====== Provided records ======

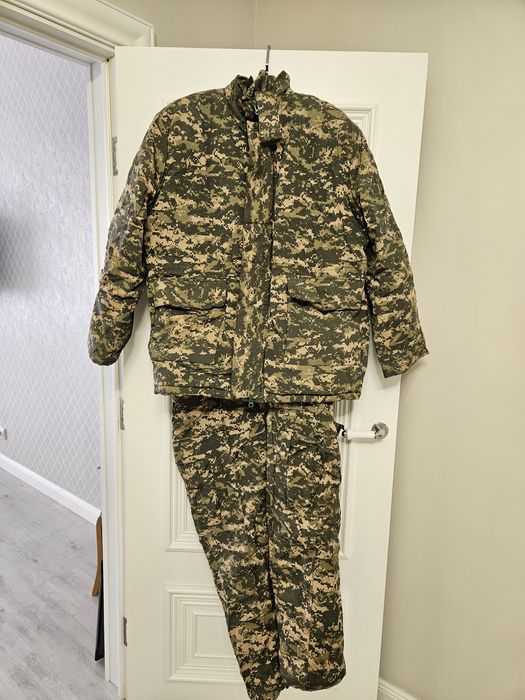 Предлагается к продаже спецодежда.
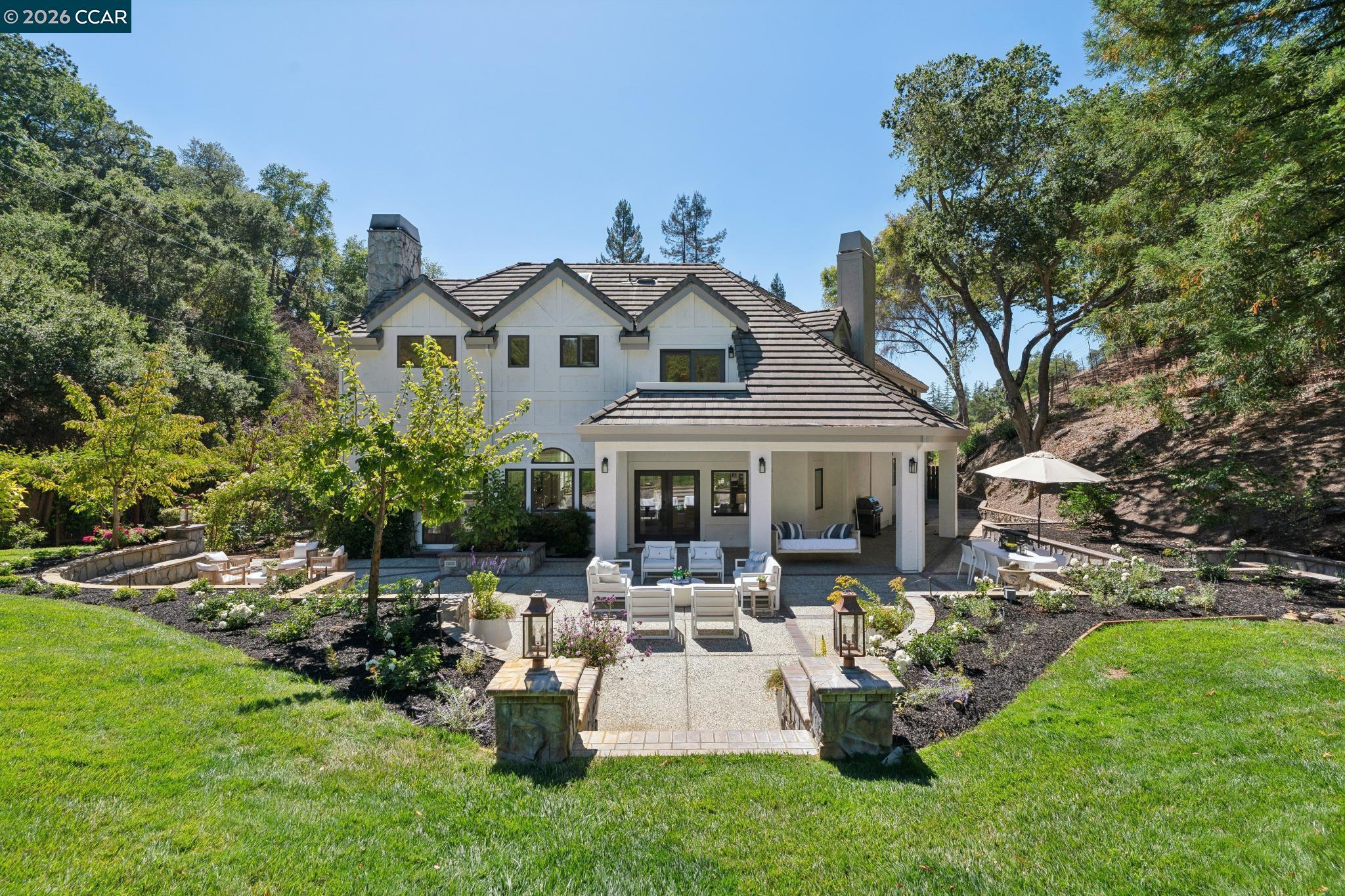 2900 Rohrer Drive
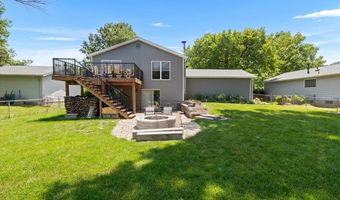 303 Oakfield Dr, Ballwin, MO 63021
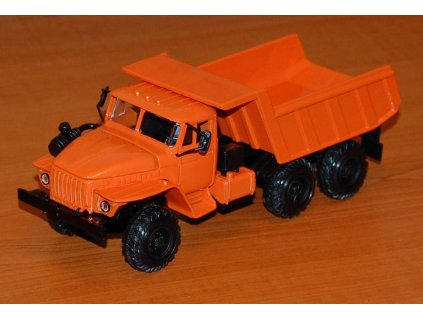 URAL 55571 sklápěč (oranžová+červená)  URAL 55571 sklápěč - kovový model auta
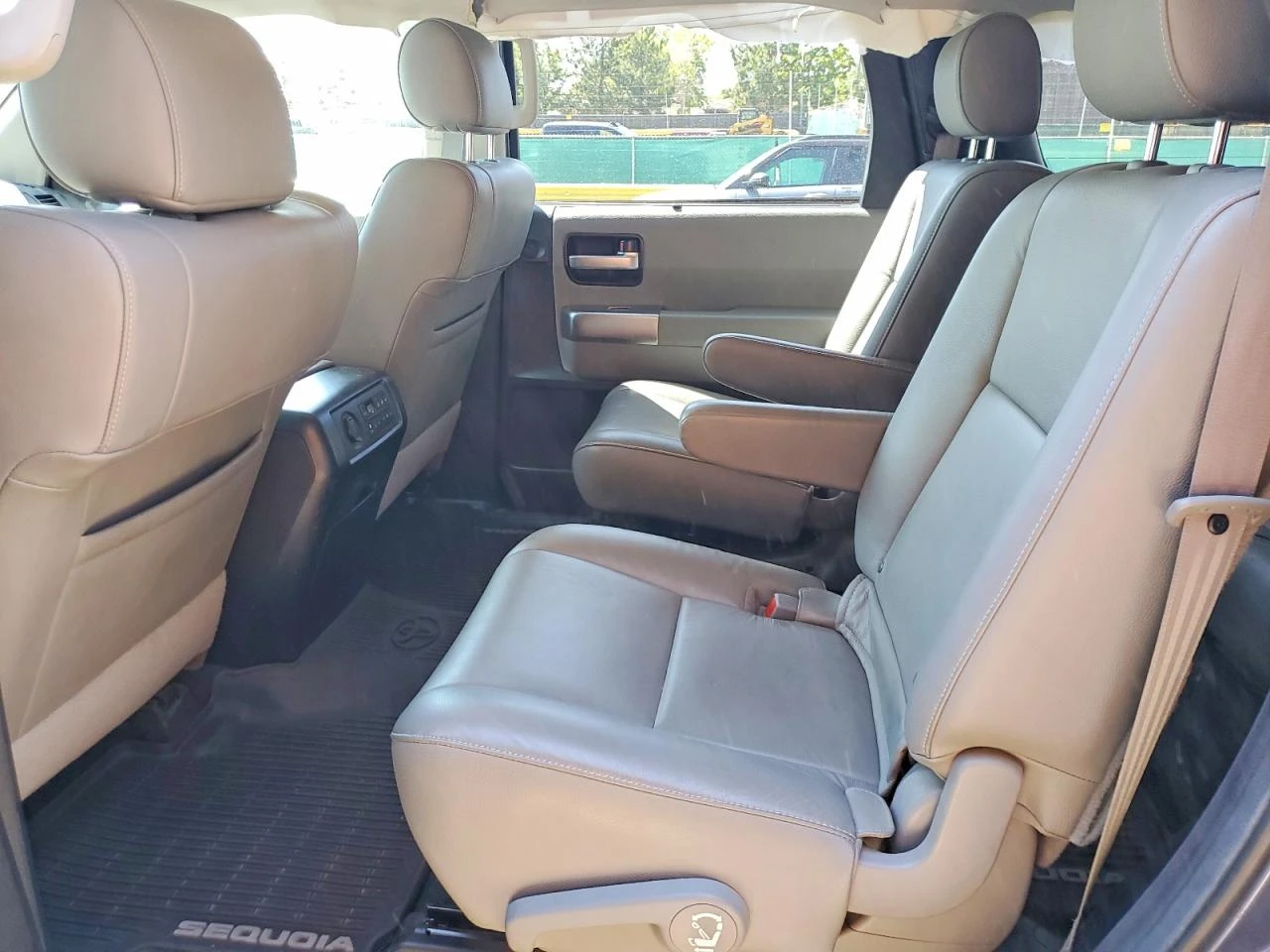 Toyota Sequoia 5.7l Limited, снимка 11 - Автомобили и джипове - 56042855
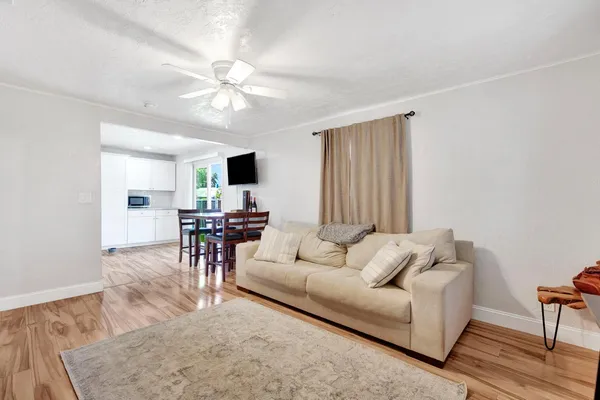 $299,900 | 4104 East Madison Avenue, Fresno, CA 93702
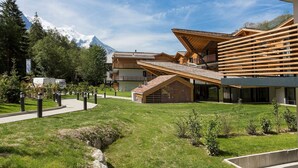 Exterior - Apartment in France With Heated Pool & Wellness (Chamonix-Mont-Blanc)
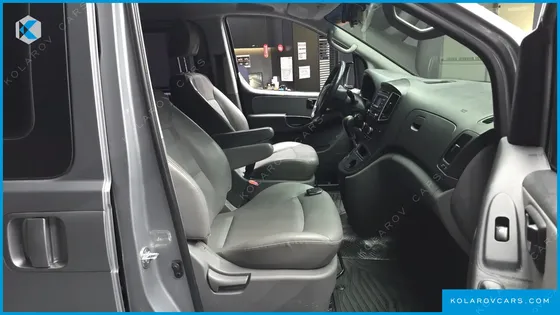 HYUNDAI STAREX VAN 5-SEATER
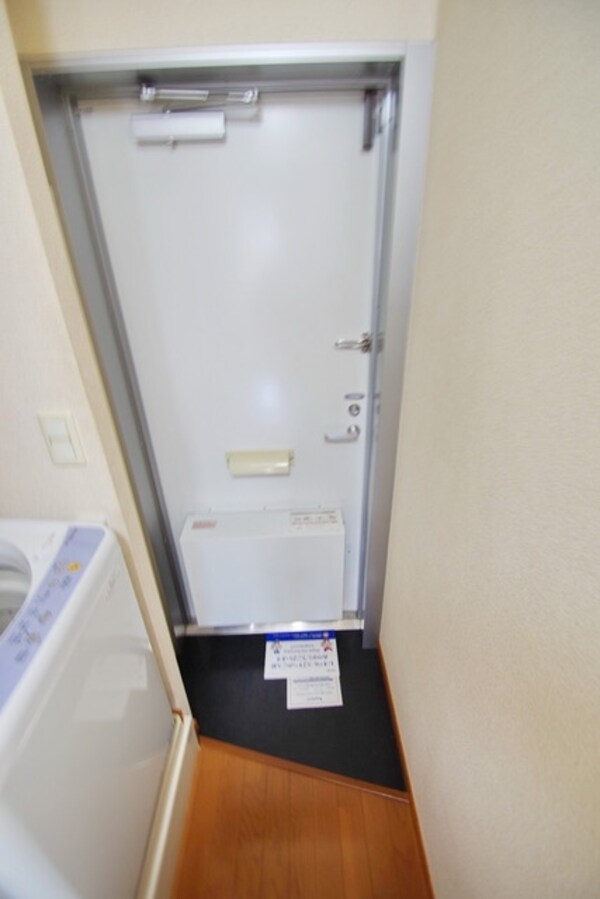 玄関(★お部屋探しはタウンハウジング稲田堤店まで★)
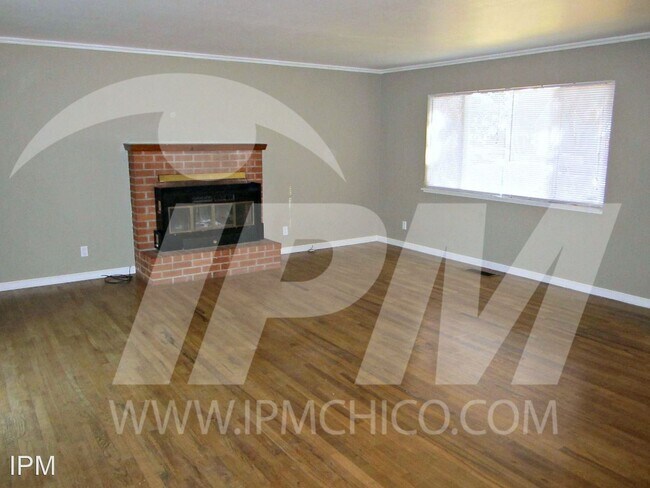 Building Photo - 2 br, 2 bath House - 930 Poplar St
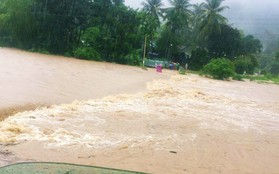 Bình Định: Mưa lớn 2 ngày liên tục khiến nước lũ lên nhanh, nhiều nhà dân bị cô lập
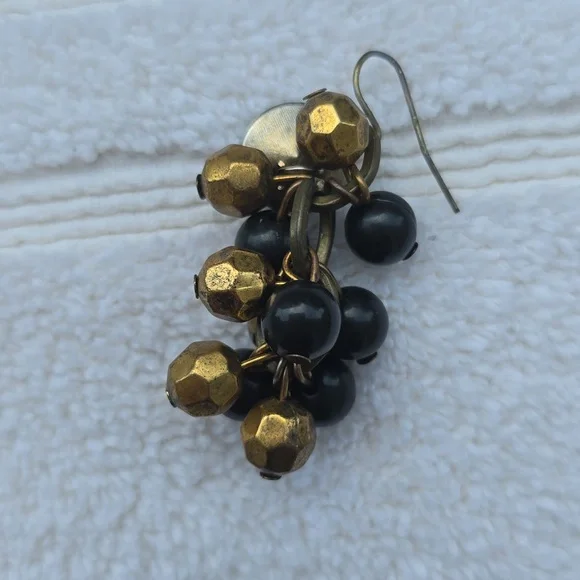 Charming Yellow and Black Women's Necklace Set - Picture 3 of 8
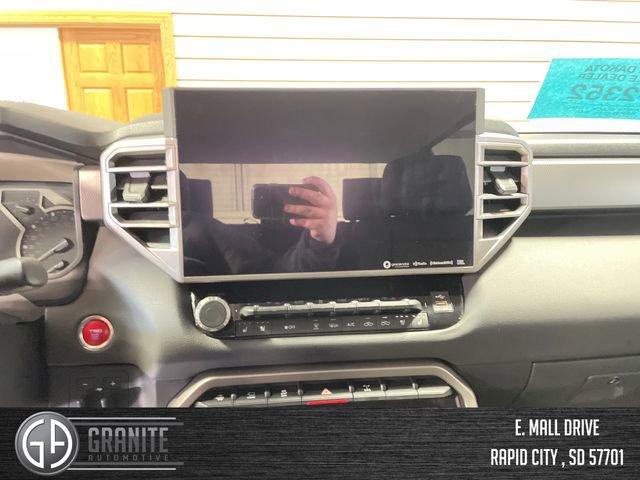 Used 2023 Toyota Tundra Limited image 19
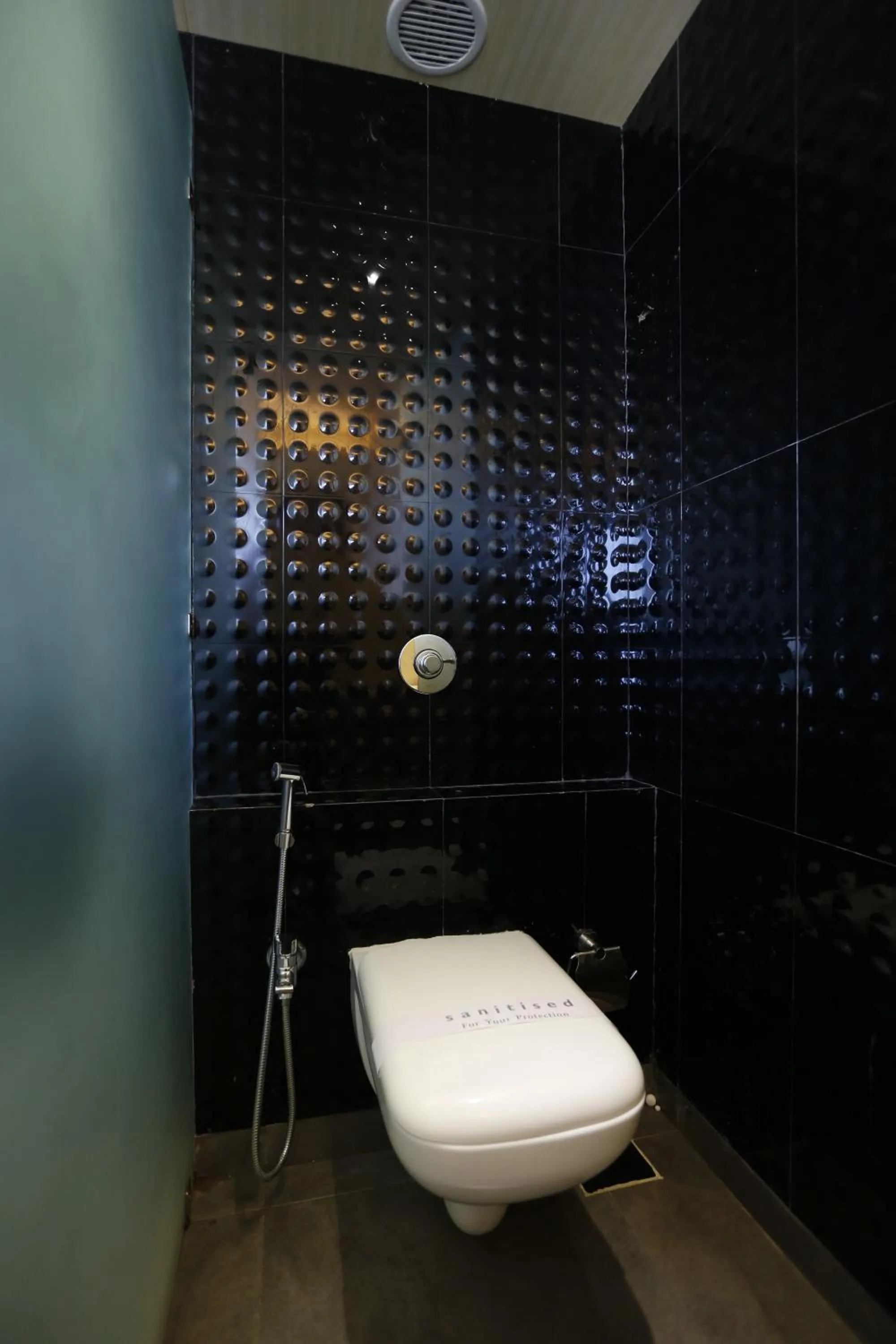 Day in Dragonfly Hotel - The Art Hotel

======

Output an exact copy of the lines from the one with "Building Photo - 2" through the closing line of the records, inclusive, without any images.

▸ Solution to this task
 Building Photo - 2 br, 2 bath House - 930 Poplar St
 Bình Định: Mưa lớn 2 ngày liên tục khiến nước lũ lên nhanh, nhiều nhà dân bị cô lập
 Charming Yellow and Black Women's Necklace Set - Picture 3 of 8
 Used 2023 Toyota Tundra Limited image 19
 Day in Dragonfly Hotel - The Art Hotel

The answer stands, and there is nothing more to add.